Method of cultivation


We farm our groves in keeping with the seasons and the needs of the trees, and with respect for our environment.

In 2006, Castelas decided to convert to organic farming and chose the isolated grove in the lieu-dit (locale) of Romanin to take its first steps. The grove was already subject to integrated crop management, so to meet French organic standards, we needed only to find a way of preventing the olive fruit fly (Bactrocera oleae), which lays an egg inside the olive; the larva then develops in the pulp. Fly attacks impair the quality of the oil, by increasing its acidity level and peroxide value. Preventing them was a real challenge, as there was no practical solution for large-scale application.

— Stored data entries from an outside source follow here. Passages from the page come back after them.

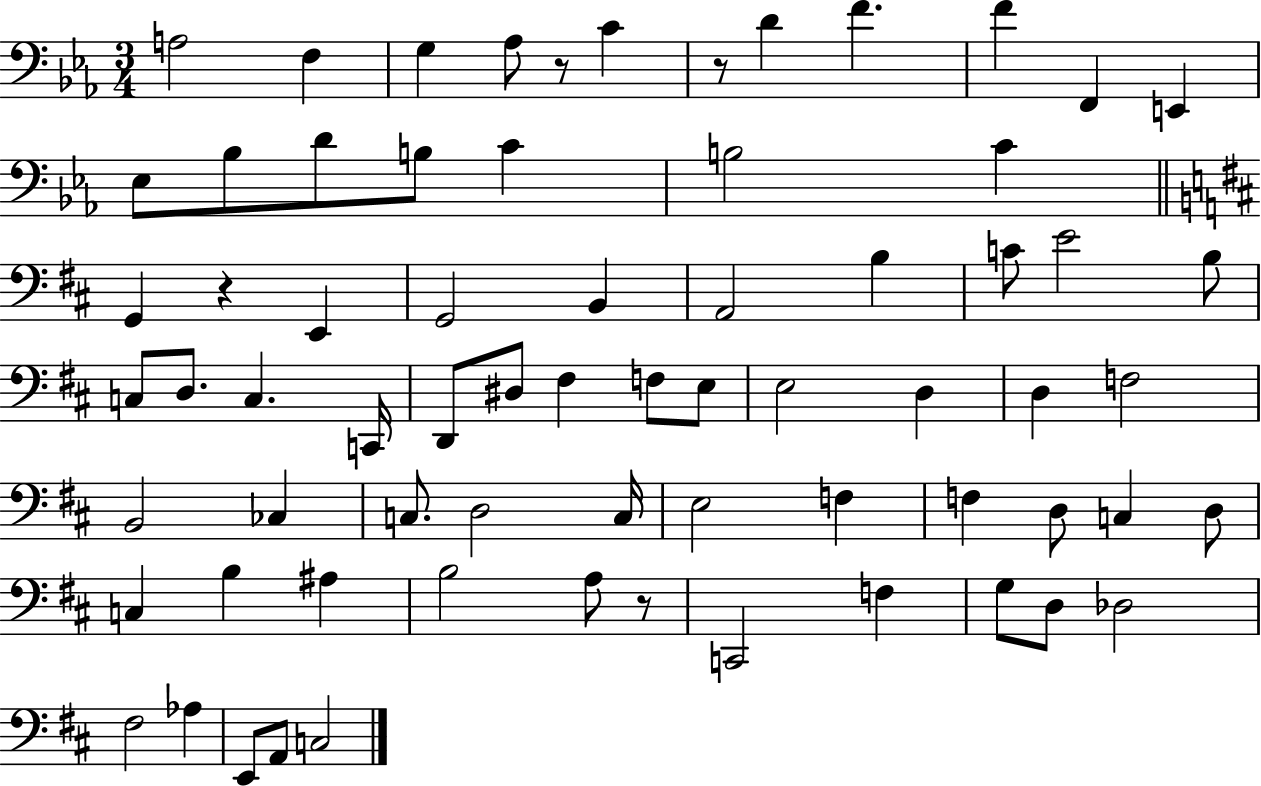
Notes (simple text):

A3/h F3/q G3/q Ab3/e R/e C4/q R/e D4/q F4/q. F4/q F2/q E2/q Eb3/e Bb3/e D4/e B3/e C4/q B3/h C4/q G2/q R/q E2/q G2/h B2/q A2/h B3/q C4/e E4/h B3/e C3/e D3/e. C3/q. C2/s D2/e D#3/e F#3/q F3/e E3/e E3/h D3/q D3/q F3/h B2/h CES3/q C3/e. D3/h C3/s E3/h F3/q F3/q D3/e C3/q D3/e C3/q B3/q A#3/q B3/h A3/e R/e C2/h F3/q G3/e D3/e Db3/h F#3/h Ab3/q E2/e A2/e C3/h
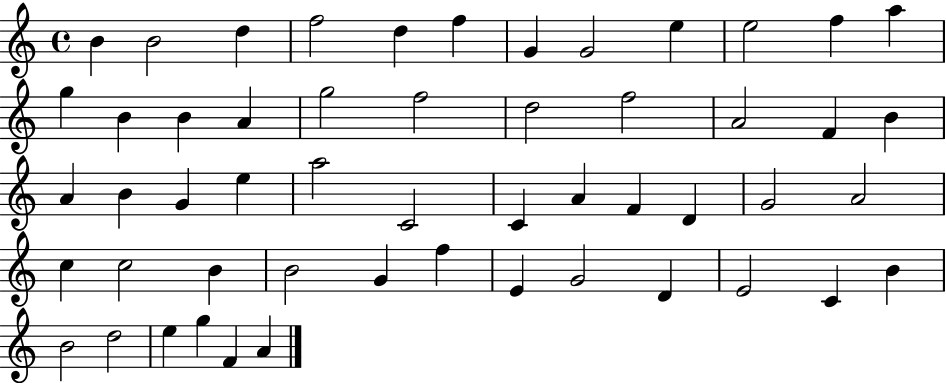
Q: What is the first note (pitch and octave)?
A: B4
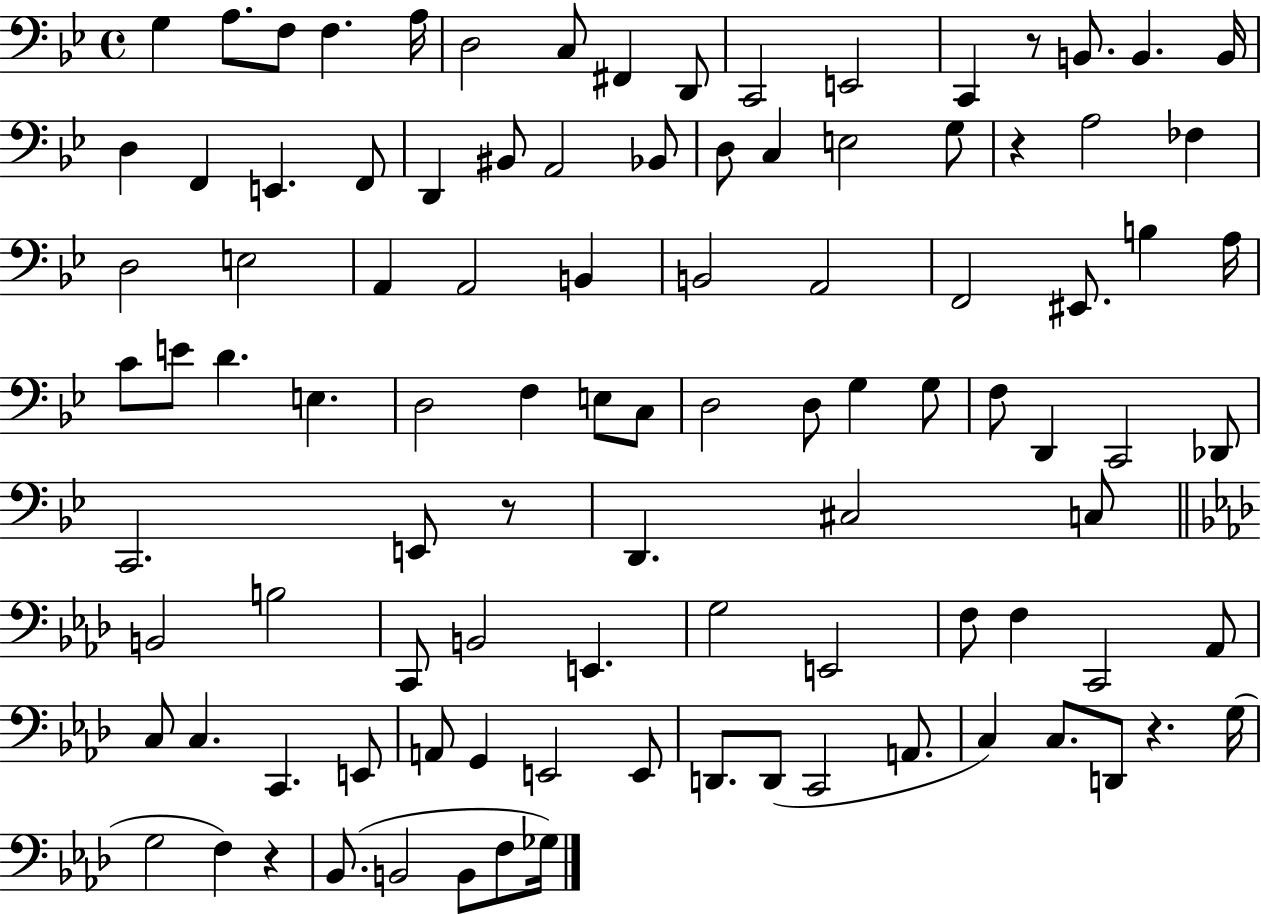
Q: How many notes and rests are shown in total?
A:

Sheeps eating at Romanin field

The Romanin parcel in Saint Rémy de Provence was ideal for testing: a single 15-hectare plot planted with the AOP varieties and fully surrounded by natural hedges hosting auxiliary fauna. Their only neighbours were vines that had long been organically farmed.

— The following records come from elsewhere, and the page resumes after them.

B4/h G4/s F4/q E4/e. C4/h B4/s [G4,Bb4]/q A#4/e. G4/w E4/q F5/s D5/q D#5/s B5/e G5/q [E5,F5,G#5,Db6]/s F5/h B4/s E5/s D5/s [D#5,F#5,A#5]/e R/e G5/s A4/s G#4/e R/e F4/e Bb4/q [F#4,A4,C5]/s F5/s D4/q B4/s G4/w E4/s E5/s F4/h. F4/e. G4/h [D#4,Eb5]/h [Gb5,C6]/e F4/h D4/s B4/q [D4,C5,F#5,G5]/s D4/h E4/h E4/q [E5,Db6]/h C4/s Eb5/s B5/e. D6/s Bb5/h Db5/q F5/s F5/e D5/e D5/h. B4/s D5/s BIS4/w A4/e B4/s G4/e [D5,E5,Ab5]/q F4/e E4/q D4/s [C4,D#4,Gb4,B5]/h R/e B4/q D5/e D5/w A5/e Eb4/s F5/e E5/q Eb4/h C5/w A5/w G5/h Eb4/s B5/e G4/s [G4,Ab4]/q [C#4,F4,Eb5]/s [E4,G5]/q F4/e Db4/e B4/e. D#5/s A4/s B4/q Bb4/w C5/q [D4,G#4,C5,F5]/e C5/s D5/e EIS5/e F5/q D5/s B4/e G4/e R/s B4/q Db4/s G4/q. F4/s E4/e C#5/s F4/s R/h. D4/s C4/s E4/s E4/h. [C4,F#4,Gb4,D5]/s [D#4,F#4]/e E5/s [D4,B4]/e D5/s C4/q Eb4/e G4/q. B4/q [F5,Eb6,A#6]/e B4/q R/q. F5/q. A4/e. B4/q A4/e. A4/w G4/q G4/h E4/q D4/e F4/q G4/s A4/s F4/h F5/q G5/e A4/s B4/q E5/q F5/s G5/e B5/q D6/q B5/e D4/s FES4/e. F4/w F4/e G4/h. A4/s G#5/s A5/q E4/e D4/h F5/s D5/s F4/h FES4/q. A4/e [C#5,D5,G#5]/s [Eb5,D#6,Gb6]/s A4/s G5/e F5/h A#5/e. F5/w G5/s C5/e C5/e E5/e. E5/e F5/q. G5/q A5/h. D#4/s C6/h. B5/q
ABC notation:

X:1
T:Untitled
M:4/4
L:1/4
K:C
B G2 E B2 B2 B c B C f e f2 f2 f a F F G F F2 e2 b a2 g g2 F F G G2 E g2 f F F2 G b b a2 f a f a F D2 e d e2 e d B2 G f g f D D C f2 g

It took great energy and tenacity to gain approval for kaolin, a natural clay. The trees are covered with a mixture of this clay and water, which disorients the olive flies. We thus manage to reduce the damage they cause. "At first, no one believed in it," recalls Jean-Benoît Hugues. Painting olive trees white? Sheer madness!


Kaolin applied on the olive tree
Spraying of kaolin
With help from the French olive industry body Afidol, kaolin is now approved and can be used throughout the summer as a barrier against fly attacks. This technique is now used in all France's olive-growing areas.

Growing olive trees organically does not greatly change the taste of the fruit. However, it encourages the farmer to think about how he cultivates them - and this yields a better-tasting product, in every sense. It takes three interim harvests before a grove is certified organic. Each year we convert further groves with the intention that, in the near future, Castelas olive oil will be 100% organic.